# Expansion of 1/(1+quantity)

1. Jul 4, 2011

### yayscience

I'm watching some lectures on electromagnetism from NPTEL on Youtube.
Lecture 3 on Coulomb's Law, at 29minutes:

The professor expands this:
$$\frac{1}{1+\frac{2dsin(\theta)}{r_1}}$$
into:
$$1-\frac{2dsin(\theta)}{r_1}$$

I'm not seeing this expansion. Could someone provide a hint (or a good resource for similar types of problems? Anything would be helpful.)

Thanks all!

2. Jul 4, 2011

### IronHamster

You can use taylor polynomials, if you're familiar with those.

$$\frac{1}{1+x} = f(x) = f(0) + f'(0) x + \frac{f''(0)x^2}{2!} + . . .$$

Notice that the nth derivative evaluated at 0 = (-1)^n. So

$$\frac{1}{1+x} = 1 - x + \frac{x^2}{2!} - \frac{x^3}{3!} + . . .$$

Now let x = 2dsin(ɵ)/r.

$$\frac{1}{1+\frac{2dsin\theta}{r_1}} = 1 - \frac{2dsin\theta}{r_1} + \frac{(\frac{2dsin\theta}{r_1})^2}{2!} - . . .$$

For small d or large r, the expansion the professor gives is a good approximation because the squared terms are very small.
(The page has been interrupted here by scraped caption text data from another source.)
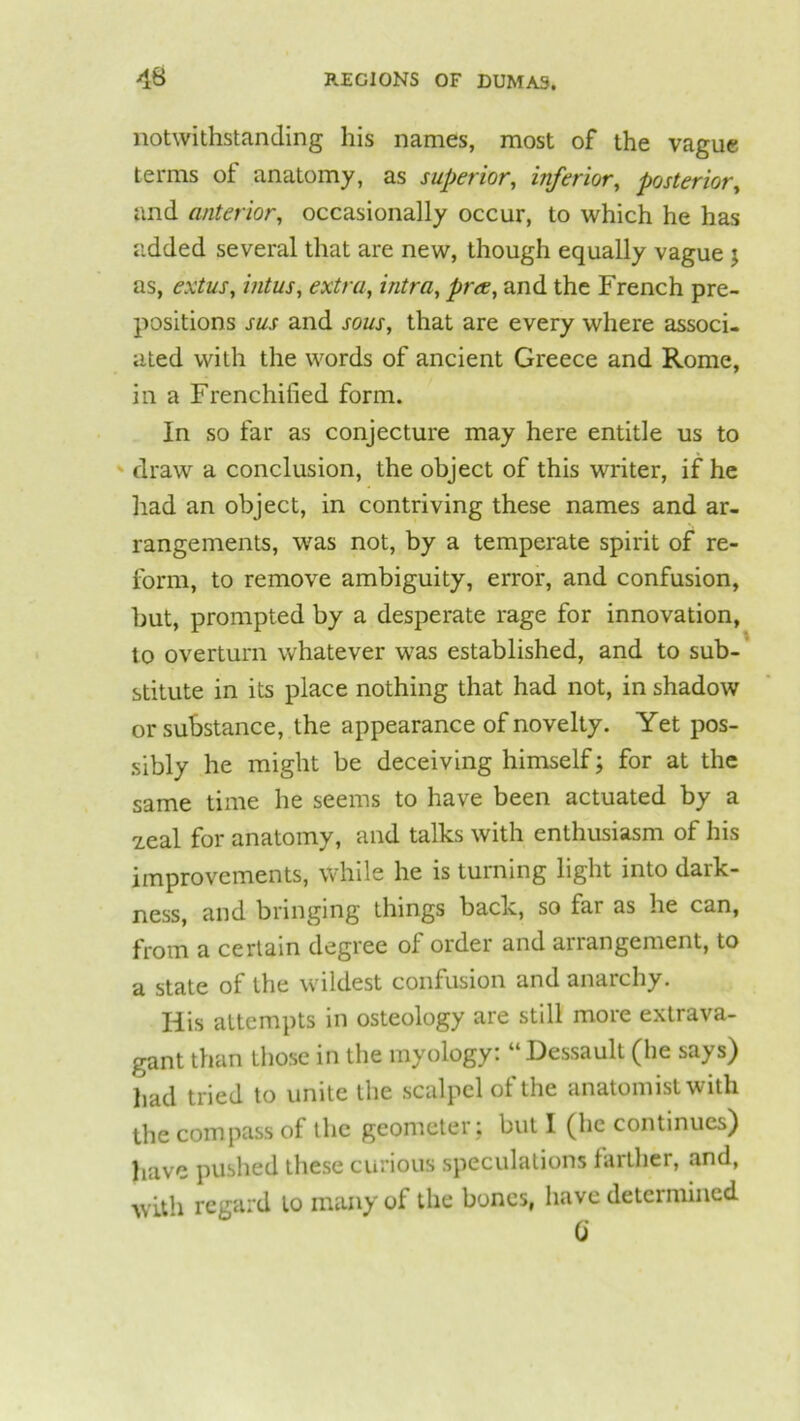 notwithstanding his names, most of the vague terms of anatomy, as superior, inferior, posterior, and anterior, occasionally occur, to which he has added several that are new, though equally vague ; as, extus, intus, extra, intra, pree, and the French pre- positions sus and sous, that are every where associ- ated with the words of ancient Greece and Rome, in a Frenchified form. In so far as conjecture may here entitle us to draw a conclusion, the object of this writer, if he had an object, in contriving these names and ar- rangements, was not, by a temperate spirit of re- form, to remove ambiguity, error, and confusion, but, prompted by a desperate rage for innovation, to overturn whatever was established, and to sub- stitute in its place nothing that had not, in shadow or substance, the appearance of novelty. Yet pos- sibly he might be deceiving himself; for at the same time he seems to have been actuated by a 2.eal for anatomy, and talks with enthusiasm of his improvements, while he is turning light into dark- ness, and bringing things back, so lar as he can, from a certain degree oi order and anangement, to a state of the wildest confusion and anarchy. His attempts in osteology are still more extrava- gant than those in the myology: “Dessault (he says) had tried to unite the scalpel of the anatomist with the compass of the geometer ; but I (he continues) have pushed these curious speculations farther, and, with regard lo many of the bones, have determined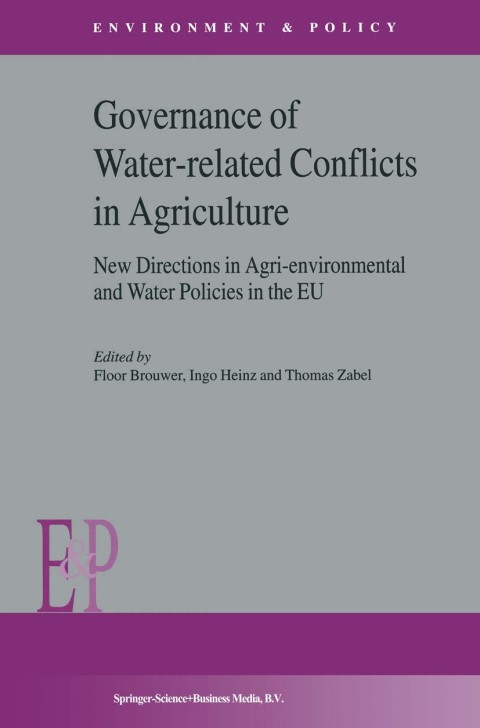 Cover image for book Governance of Water-Related Conflicts in Agriculture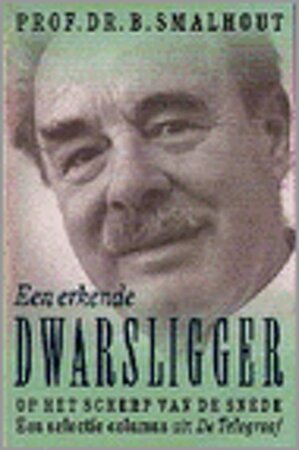 Een erkende dwarsligger - B. Smalhout Een erkende dwarsligger - B. Smalhout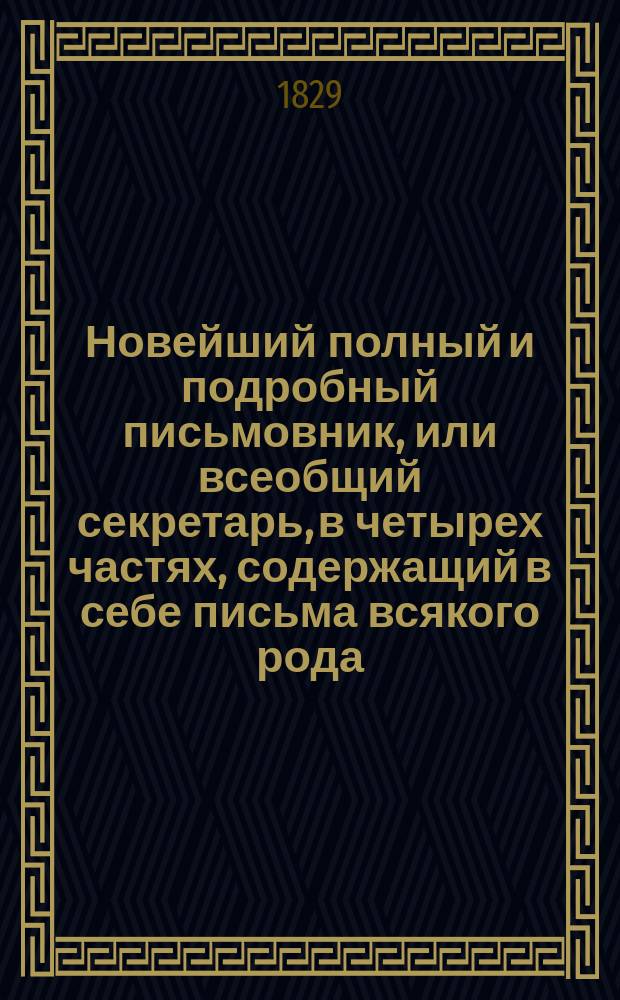 Новейший полный и подробный письмовник, или всеобщий секретарь, в четырех частях, содержащий в себе письма всякого рода, в общежитии употребляемые и приспособленные ко всем случаям и обстоятельствам, с предварительными правилами и наставлениями сочинять и писать всякие письма к разным особам и о разных предметах, с присовокуплением примерных писем великих особ; с описанием торговли и ярмарок, и с образцами коммерческих писем...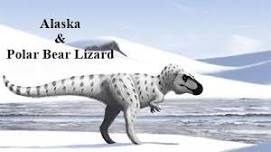 Babies - 7 year olds: Alaska & Polar Bear Lizards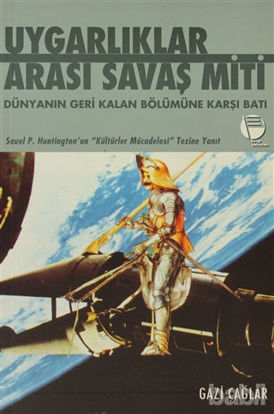 Picture of Uygarlıklar Arası Savaş Miti Dünyanın Geri Kalan Bölümüne Karşı Batı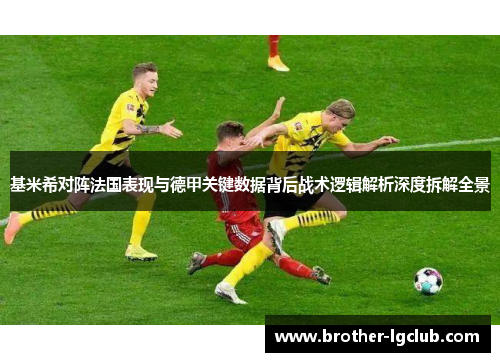 基米希对阵法国表现与德甲关键数据背后战术逻辑解析深度拆解全景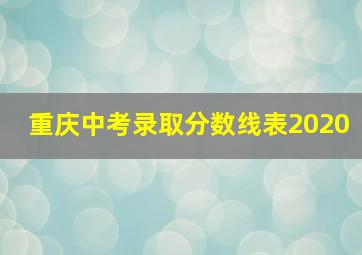 重庆中考录取分数线表2020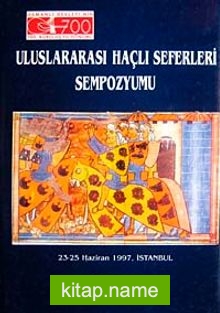 Uluslararası Haçlı Seferleri Sempozyumu 1997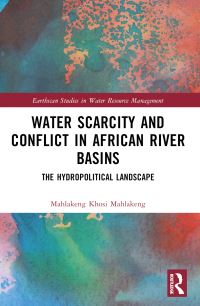 Book Cover for Water Scarcity and Conflict in African River Basins by Mahlakeng Khosi Mahlakeng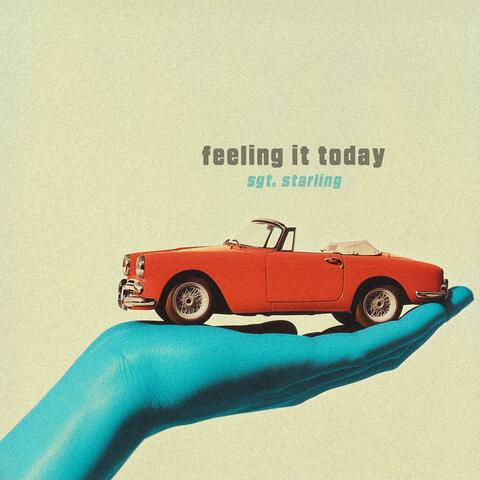 Feeling It Today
If you haven't experienced Taylor Polynomials before, say so and I'll explain what I just did.

3. Jul 4, 2011

### gb7nash

What's the restriction on d? r1? Theta?

I'm assuming that d and r1 are positive integers and theta is any angle. Algebraically speaking, they're not equivalent. Choosing d = 1, r1 = 1, and theta = pi/2, you get:

1/(1+2sin(pi/2)) = 1/3

and

1 - 2sin(pi/2) = -1

It looks like he just pulled that out of thin air, but what I think he's doing is using an approximation using the fact that d << r1.

4. Jul 5, 2011

### Redbelly98

Staff Emeritus
The expression (1+x)n is well approximated by 1+nx -- provided that |x| is much much smaller than 1, i.e. |x|«1.

For the example at hand -- n=-1, x=2d(sinθ)/r1 -- this means the approximation holds if
d sinθ « r1

Loosely speaking, this means either d or sinθ must be small, or r1 must be large.

5. Jul 5, 2011

### gb7nash

Couldn't θ be arbitary? sinθ is bounded between -1 and 1, so all you should really need is that d << r1.